A concentração latifundiária avança: em 1970, propriedades com mais de 200 hectares representam 0,4% dos estabelecimentos e 11,9% das terras. Em 1980, passam respectivamente para 0,5% e 16,1%. O que era área de atração passa a ser área de expulsão. Novas migrações ocorrem, do Sul para o Centro-Oeste até Rondônia, a avassaladora marcha para a Amazônia, conhecida como a “última fronteira agrícola”, de onde muitos voltam depois de constatarem que a vida havia se tornado mais difícil ainda.
A luta pelo acesso a terra
Esgotado o gerenciamento militar, surgiram novamente esperanças para o povo camponês. Mais uma vez, foi em vão. A Nova República, para o camponês, foi tão repressora quanto o gerenciamento militar. Nos anos 80 houve recordes de assassinatos de lideranças rurais, e o oeste catarinense e paranaense somou números a essa estatística.

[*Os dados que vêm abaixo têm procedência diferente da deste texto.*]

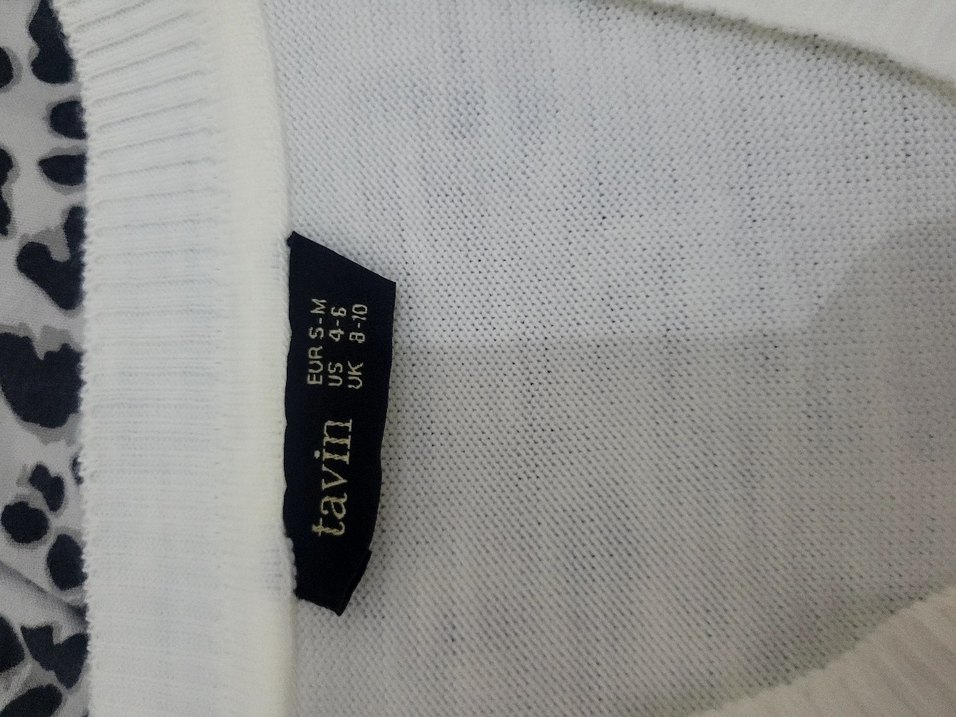 Krem V Yaka Triko Kadın Süveter - Görsel 2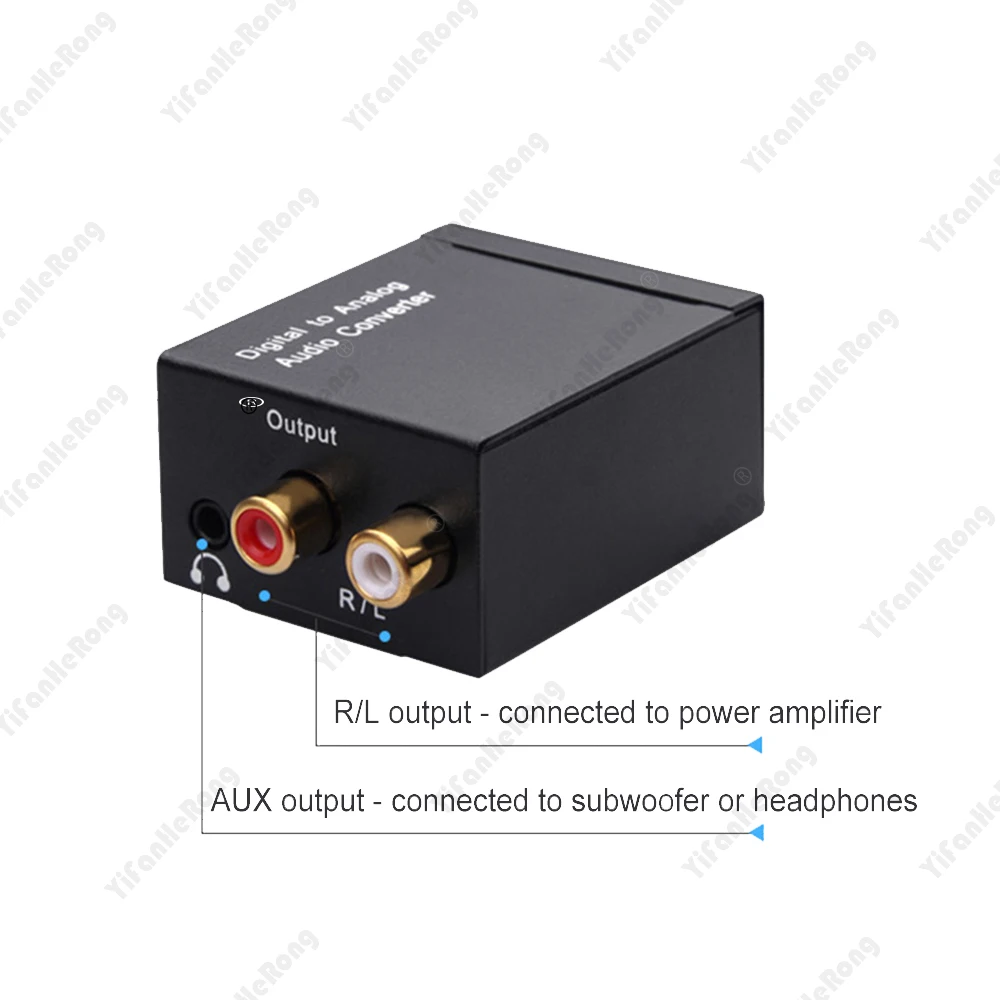 New Digital to Analog Audio Converter DAC Amplifier Decoder Optical Coaxial Toslink to Analog RCA L/R Audio Converter Adapter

Ao longo da década de 80, camponeses invadem diversas fazendas em diversos municípios catarinenses e se organizam em movimentos. Alguns são despejados e outros mantêm seus acampamentos por alguns meses. É um modo de sobreviver quase morrendo, migrando. Em 1990, calcula-se a existência de 664 mil indigentes em Santa Catarina, representando 15% da população total e 24% da rural.
Mesmo se tratando de uma das regiões que mais produz alimentos no país, o oeste catarinense tem meninos de rua furtando para comer, favelas em cidades de pequeno e médio porte, índios e agricultores expulsos da terra. A organização dos pequenos produtores — seja sob a forma da expansão dos movimentos pela posse da terra, na criação de uma nova escola, etc. — acontece de maneira lenta e sofrida, tendo ao seu encalço os batalhões da polícia operacional e as matilhas da polícia política, as mais diversas correntes oportunistas, a espionagem, a imprensa dos latifundiários e do capital burocrático interno e externo.
Santa Catarina é miticamente conhecido como um estado onde o imigrante europeu, ao contrário dos “caboclos” — palavra pejorativa relativa aos nativos da região — prosperou: 33% dos agricultores que expropriaram a terra dos latifundiários possuem sobrenome europeu. Essa é a história oficial, contada pelos empresários que adentraram na esfera política. A outra é a que anunciamos agora, semelhante a do Brasil inteiro.